#### Work to complete:
What is needed here is an exact copy of every record below.

Data records:
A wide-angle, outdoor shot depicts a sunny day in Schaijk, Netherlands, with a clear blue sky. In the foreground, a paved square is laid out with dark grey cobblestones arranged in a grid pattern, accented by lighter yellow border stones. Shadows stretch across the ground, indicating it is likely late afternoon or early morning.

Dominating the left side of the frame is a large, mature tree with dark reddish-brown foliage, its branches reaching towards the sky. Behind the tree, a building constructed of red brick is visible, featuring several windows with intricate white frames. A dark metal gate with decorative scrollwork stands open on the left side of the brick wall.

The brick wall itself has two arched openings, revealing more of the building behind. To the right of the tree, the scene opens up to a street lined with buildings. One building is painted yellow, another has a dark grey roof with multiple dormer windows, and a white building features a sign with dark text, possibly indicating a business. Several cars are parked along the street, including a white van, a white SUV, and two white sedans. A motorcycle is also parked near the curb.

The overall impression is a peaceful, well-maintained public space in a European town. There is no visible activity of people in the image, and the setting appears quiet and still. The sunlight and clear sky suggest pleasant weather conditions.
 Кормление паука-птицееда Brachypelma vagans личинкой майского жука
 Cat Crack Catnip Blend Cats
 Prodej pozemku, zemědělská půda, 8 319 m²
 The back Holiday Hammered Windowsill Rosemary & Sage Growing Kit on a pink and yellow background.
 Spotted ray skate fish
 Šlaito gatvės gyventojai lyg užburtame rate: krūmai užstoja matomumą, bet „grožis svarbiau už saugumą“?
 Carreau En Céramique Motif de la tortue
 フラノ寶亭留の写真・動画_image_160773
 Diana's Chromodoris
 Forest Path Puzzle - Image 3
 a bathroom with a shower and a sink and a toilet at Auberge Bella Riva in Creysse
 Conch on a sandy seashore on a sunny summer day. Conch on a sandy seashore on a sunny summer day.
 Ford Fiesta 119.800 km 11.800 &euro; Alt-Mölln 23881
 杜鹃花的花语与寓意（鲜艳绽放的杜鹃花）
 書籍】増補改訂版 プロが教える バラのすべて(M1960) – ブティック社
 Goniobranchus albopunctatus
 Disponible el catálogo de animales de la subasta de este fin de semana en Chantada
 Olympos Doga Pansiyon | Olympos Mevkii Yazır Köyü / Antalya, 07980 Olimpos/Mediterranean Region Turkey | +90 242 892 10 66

#### Solution for this exercise:
A wide-angle, outdoor shot depicts a sunny day in Schaijk, Netherlands, with a clear blue sky. In the foreground, a paved square is laid out with dark grey cobblestones arranged in a grid pattern, accented by lighter yellow border stones. Shadows stretch across the ground, indicating it is likely late afternoon or early morning.

Dominating the left side of the frame is a large, mature tree with dark reddish-brown foliage, its branches reaching towards the sky. Behind the tree, a building constructed of red brick is visible, featuring several windows with intricate white frames. A dark metal gate with decorative scrollwork stands open on the left side of the brick wall.

The brick wall itself has two arched openings, revealing more of the building behind. To the right of the tree, the scene opens up to a street lined with buildings. One building is painted yellow, another has a dark grey roof with multiple dormer windows, and a white building features a sign with dark text, possibly indicating a business. Several cars are parked along the street, including a white van, a white SUV, and two white sedans. A motorcycle is also parked near the curb.

The overall impression is a peaceful, well-maintained public space in a European town. There is no visible activity of people in the image, and the setting appears quiet and still. The sunlight and clear sky suggest pleasant weather conditions.
 Кормление паука-птицееда Brachypelma vagans личинкой майского жука
 Cat Crack Catnip Blend Cats
 Prodej pozemku, zemědělská půda, 8 319 m²
 The back Holiday Hammered Windowsill Rosemary & Sage Growing Kit on a pink and yellow background.
 Spotted ray skate fish
 Šlaito gatvės gyventojai lyg užburtame rate: krūmai užstoja matomumą, bet „grožis svarbiau už saugumą“?
 Carreau En Céramique Motif de la tortue
 フラノ寶亭留の写真・動画_image_160773
 Diana's Chromodoris
 Forest Path Puzzle - Image 3
 a bathroom with a shower and a sink and a toilet at Auberge Bella Riva in Creysse
 Conch on a sandy seashore on a sunny summer day. Conch on a sandy seashore on a sunny summer day.
 Ford Fiesta 119.800 km 11.800 &euro; Alt-Mölln 23881
 杜鹃花的花语与寓意（鲜艳绽放的杜鹃花）
 書籍】増補改訂版 プロが教える バラのすべて(M1960) – ブティック社
 Goniobranchus albopunctatus
 Disponible el catálogo de animales de la subasta de este fin de semana en Chantada
 Olympos Doga Pansiyon | Olympos Mevkii Yazır Köyü / Antalya, 07980 Olimpos/Mediterranean Region Turkey | +90 242 892 10 66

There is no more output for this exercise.